Task details
Transcribe exactly, and without pictures, only the lines from the one bearing "Copyright 1998 Chambusner Karaoke" through the final line of the data below.

Captioned web images:
---*---

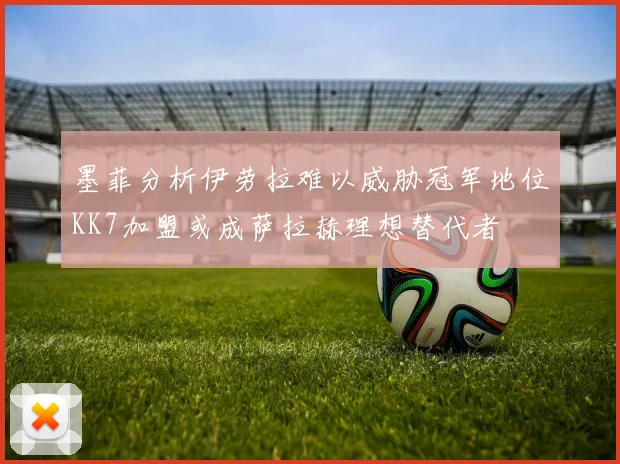 墨菲分析伊劳拉难以威胁冠军地位KK7加盟或成萨拉赫理想替代者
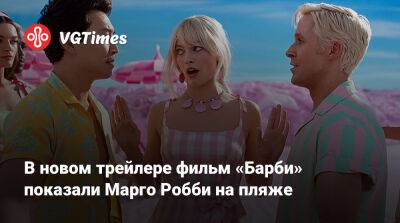 Марго Робби (Margot Robbie) - Грета Гервиг (Greta Gerwig) - В новом трейлере фильма «Барби» показали Марго Робби на пляже - vgtimes.ru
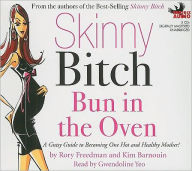 Skinny Bitch: Bun in the Oven: A Gutsy Guide to Becoming One Hot and Healthy Mother!
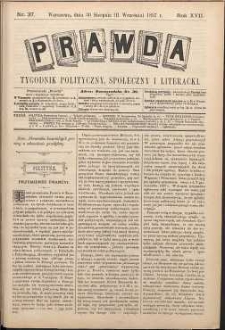 Prawda : tygodnik polityczny, społeczny i literacki, 1897, R. 17, nr 37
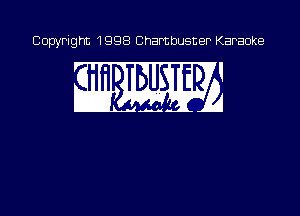 Copyright 1998 Chambusner Karaoke

i mum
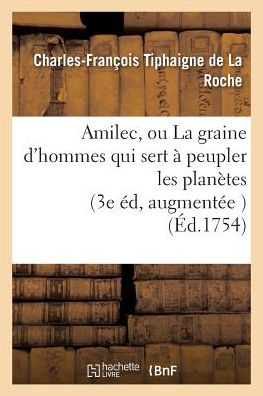 Cover for Tiphaigne De La Roche-c-f · Amilec, Ou La Graine D'hommes Qui Sert a Peupler Les Planetes (Pocketbok) (2016)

---*---

Task output
 Copyright 1998 Chambusner Karaoke

i mum
 Cover for Tiphaigne De La Roche-c-f · Amilec, Ou La Graine D'hommes Qui Sert a Peupler Les Planetes (Pocketbok) (2016)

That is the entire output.